RubiCap: Rubric-Guided Reinforcement Learning for Dense Image Captioning

nimda March 16, 2026

0 5 1 minute read

RubiCap: Rubric-Guided Reinforcement Learning for Dense Image Captioning

Dense image captions are important for cross-modal alignment in visual language pre-training and image-to-text generation, but measuring expert-quality annotations is expensive. While abstracting with strong visual language models (VLMs) is a viable alternative, supervised filtering tends to produce limited output diversity and weak generalization.

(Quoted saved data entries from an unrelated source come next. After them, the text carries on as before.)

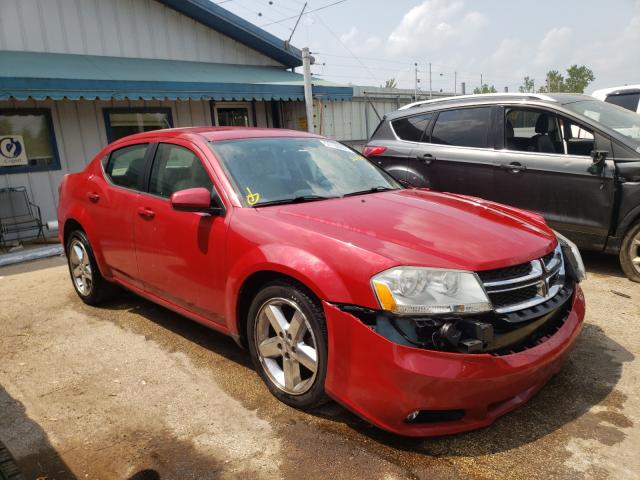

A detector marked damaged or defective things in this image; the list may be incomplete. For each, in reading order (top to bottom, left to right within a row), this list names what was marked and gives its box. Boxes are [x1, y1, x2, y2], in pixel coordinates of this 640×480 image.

damaged front bumper [324, 284, 584, 438] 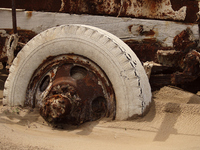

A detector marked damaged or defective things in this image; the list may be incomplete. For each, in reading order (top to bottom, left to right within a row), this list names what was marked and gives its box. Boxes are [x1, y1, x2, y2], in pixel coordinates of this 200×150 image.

corroded metal [0, 0, 198, 22]
rusty wheel hub [25, 54, 115, 125]
corroded metal [25, 54, 115, 125] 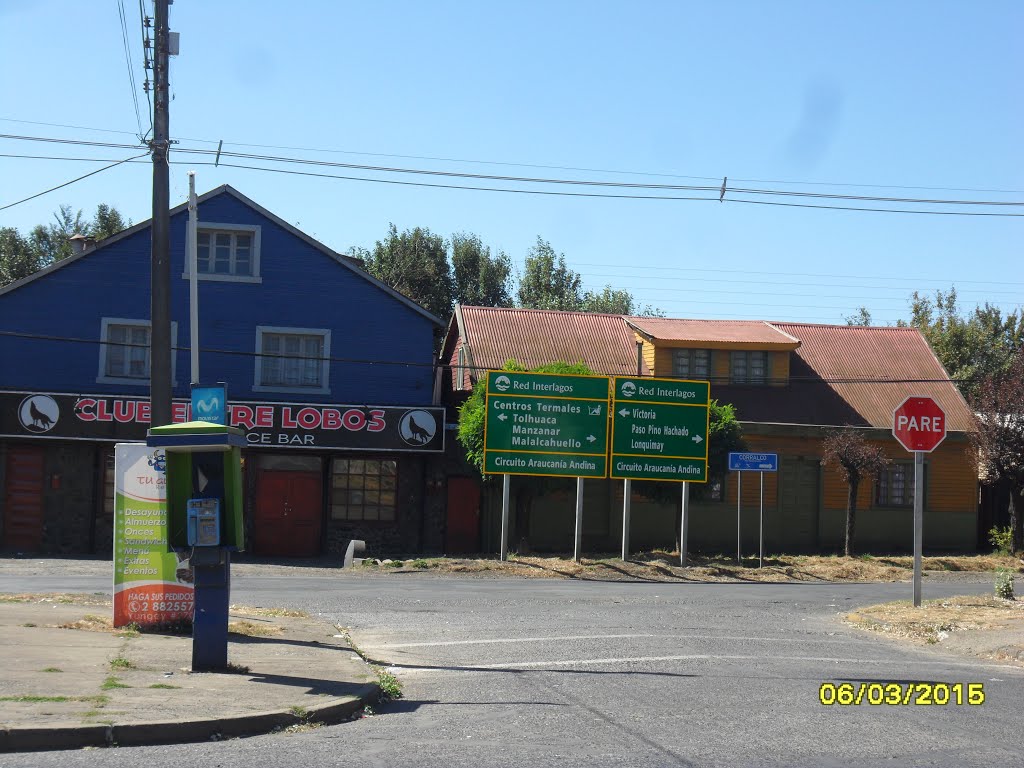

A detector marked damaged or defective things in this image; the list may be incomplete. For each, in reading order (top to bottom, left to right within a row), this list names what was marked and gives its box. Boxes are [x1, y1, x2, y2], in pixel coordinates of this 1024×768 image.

red rusty roof [456, 307, 647, 378]
red rusty roof [622, 317, 798, 348]
red rusty roof [770, 323, 970, 434] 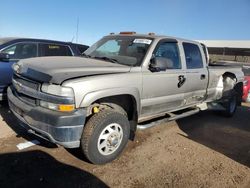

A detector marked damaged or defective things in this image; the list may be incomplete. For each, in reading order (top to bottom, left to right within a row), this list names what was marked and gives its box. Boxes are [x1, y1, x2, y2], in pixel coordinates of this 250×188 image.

exposed headlight housing [40, 83, 74, 111] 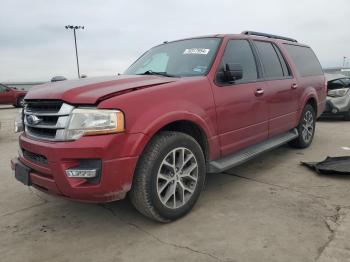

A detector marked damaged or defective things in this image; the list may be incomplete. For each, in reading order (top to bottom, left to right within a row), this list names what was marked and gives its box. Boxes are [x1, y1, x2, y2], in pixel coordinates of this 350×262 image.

crumpled hood [25, 74, 178, 103] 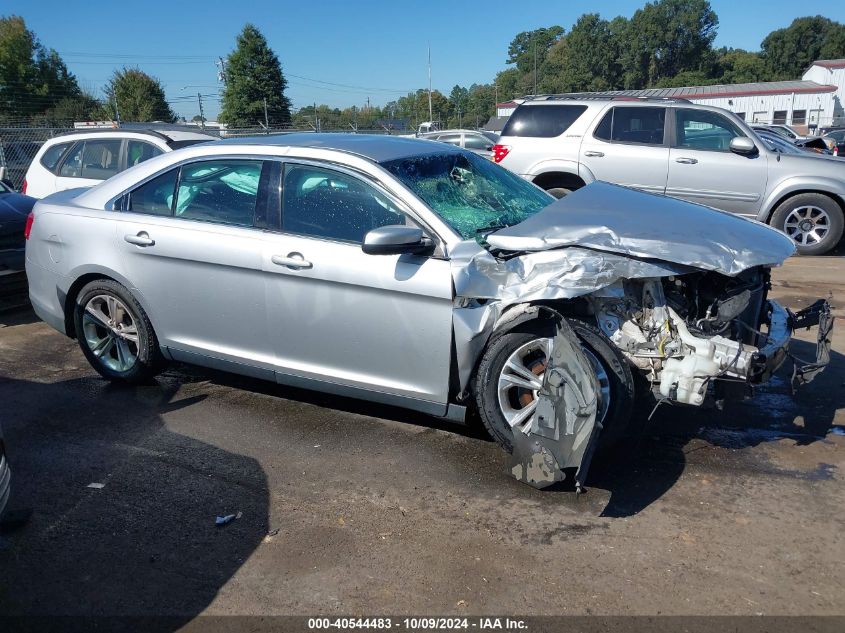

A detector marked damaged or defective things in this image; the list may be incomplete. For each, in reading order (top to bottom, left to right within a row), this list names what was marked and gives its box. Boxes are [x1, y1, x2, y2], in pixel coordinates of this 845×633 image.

shattered windshield [380, 149, 552, 238]
crumpled hood [484, 180, 796, 274]
damaged front wheel [474, 316, 632, 454]
severely damaged front end [452, 183, 836, 488] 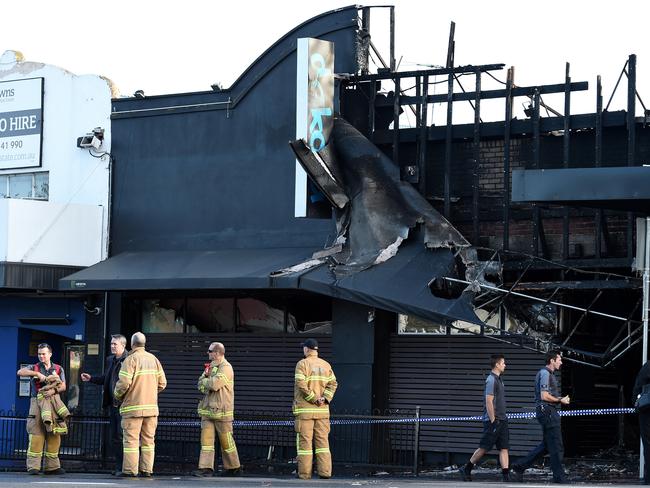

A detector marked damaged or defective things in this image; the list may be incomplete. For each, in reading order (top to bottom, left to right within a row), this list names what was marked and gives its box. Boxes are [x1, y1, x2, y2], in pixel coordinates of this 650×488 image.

burnt signage [0, 77, 43, 170]
burnt signage [294, 36, 334, 215] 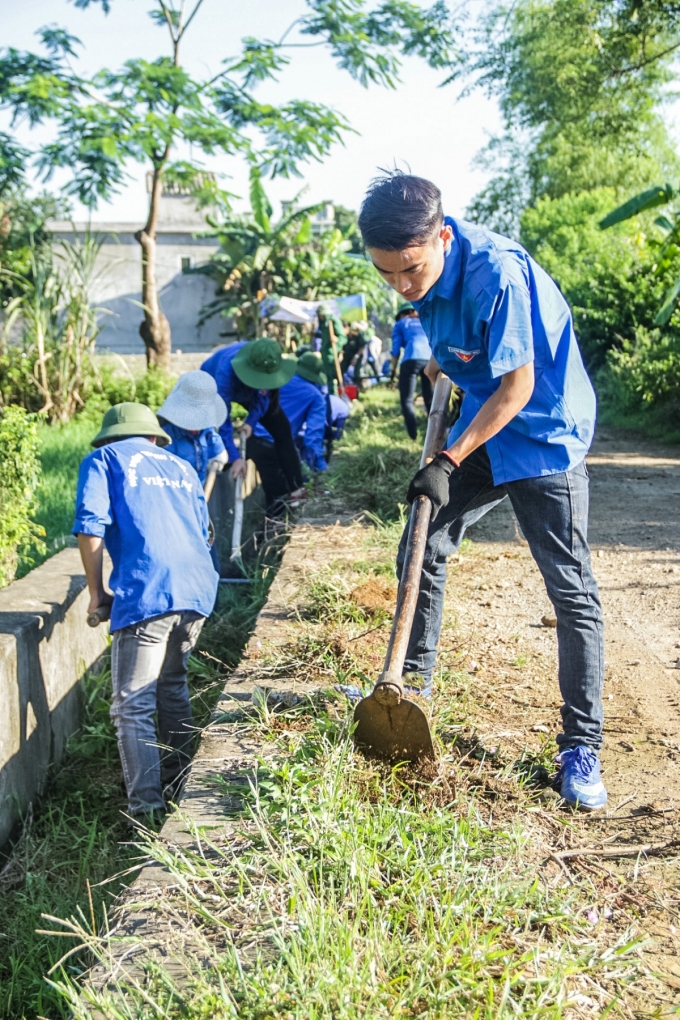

Reinforcement learning (RL) can overcome these limitations, but its success so far has been focused on validation domains that rely on deterministic testing – a luxury not available in open captions. We address this limitation with RubiCap, a novel RL framework that detects specific reward signals, specific samples from rubrics written by LLM. RubiCap begins by assembling a diverse committee of candidate captions, then uses an LLM rubric writer to draw out consensus strengths and examine shortcomings in current policy. These details are converted into clear evaluation criteria, allowing the LLM judge to discard absolute quality evaluations and replace negative scalar awards with systematic, multifaceted evaluations. Across extensive benchmarks, RubiCap achieves the highest win rates in CapArena, the most efficient supervised distillation, RL prior methods, human expert annotations, and improved GPT-4V results. In CaptionQA, it shows superior word performance: our 7B model is similar to Qwen2.5-VL-32B-Instruct, and our 3B model outperforms its 7B counterpart. Notably, using the compact RubiCap-3B as a captioner produces stronger pre-trained VLMs than those trained on captions from proprietary models.